Segment Start: Data
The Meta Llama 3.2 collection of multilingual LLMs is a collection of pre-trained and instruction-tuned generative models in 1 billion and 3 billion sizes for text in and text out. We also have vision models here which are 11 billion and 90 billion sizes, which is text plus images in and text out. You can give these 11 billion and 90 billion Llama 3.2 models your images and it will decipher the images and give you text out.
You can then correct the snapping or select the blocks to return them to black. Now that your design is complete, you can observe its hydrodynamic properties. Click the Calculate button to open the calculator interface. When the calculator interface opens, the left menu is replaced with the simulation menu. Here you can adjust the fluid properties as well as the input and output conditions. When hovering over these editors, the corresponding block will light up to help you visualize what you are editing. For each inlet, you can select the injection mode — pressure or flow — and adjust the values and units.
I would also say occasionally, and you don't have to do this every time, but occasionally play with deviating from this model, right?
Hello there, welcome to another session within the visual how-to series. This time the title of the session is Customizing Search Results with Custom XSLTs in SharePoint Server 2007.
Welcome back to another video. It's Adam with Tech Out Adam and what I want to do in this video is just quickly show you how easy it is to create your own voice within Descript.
Segment End: Data
Segment Start: Data
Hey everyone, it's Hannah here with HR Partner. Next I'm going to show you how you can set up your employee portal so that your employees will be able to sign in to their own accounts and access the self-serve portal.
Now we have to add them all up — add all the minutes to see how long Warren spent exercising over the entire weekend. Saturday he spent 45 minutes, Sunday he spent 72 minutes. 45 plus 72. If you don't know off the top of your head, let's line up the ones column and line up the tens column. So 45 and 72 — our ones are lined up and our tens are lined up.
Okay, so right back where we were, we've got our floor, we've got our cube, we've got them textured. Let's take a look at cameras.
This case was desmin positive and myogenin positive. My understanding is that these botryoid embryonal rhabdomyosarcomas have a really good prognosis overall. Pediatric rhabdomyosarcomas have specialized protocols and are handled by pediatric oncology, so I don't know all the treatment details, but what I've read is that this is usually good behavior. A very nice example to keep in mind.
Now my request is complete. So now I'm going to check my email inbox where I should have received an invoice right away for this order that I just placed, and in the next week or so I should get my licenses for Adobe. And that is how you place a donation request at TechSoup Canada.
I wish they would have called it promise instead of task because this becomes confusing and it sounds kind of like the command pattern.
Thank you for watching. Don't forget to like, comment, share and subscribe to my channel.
Segment End: Data
Segment Start: Data
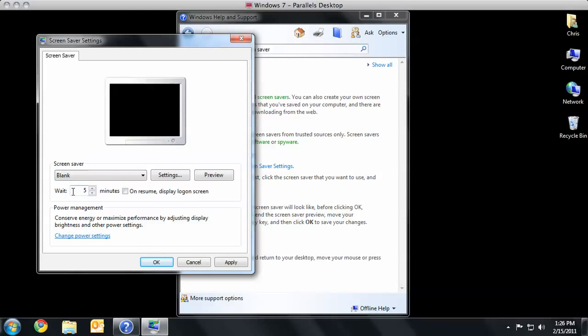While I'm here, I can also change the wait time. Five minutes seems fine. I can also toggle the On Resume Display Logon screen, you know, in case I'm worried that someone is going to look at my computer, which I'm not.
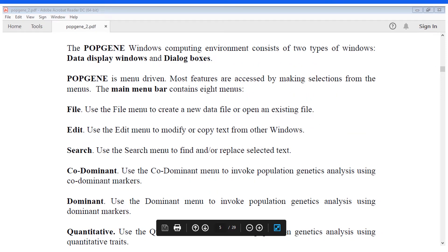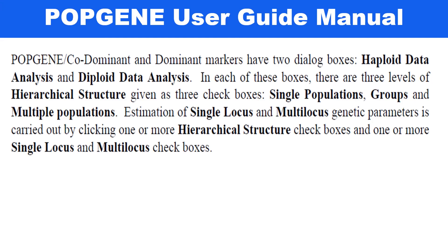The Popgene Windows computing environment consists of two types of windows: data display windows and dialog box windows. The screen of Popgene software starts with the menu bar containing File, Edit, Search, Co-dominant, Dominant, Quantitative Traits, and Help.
Segment End: Data
> _Goal of the exercise_
Copy out precisely the lines from the line with "Now my request" to the line with "Thank you for" in the material above, including those two lines and omitting all the rest.

> _Solution for this problem_
Now my request is complete. So now I'm going to check my email inbox where I should have received an invoice right away for this order that I just placed, and in the next week or so I should get my licenses for Adobe. And that is how you place a donation request at TechSoup Canada.
I wish they would have called it promise instead of task because this becomes confusing and it sounds kind of like the command pattern.
Thank you for watching. Don't forget to like, comment, share and subscribe to my channel.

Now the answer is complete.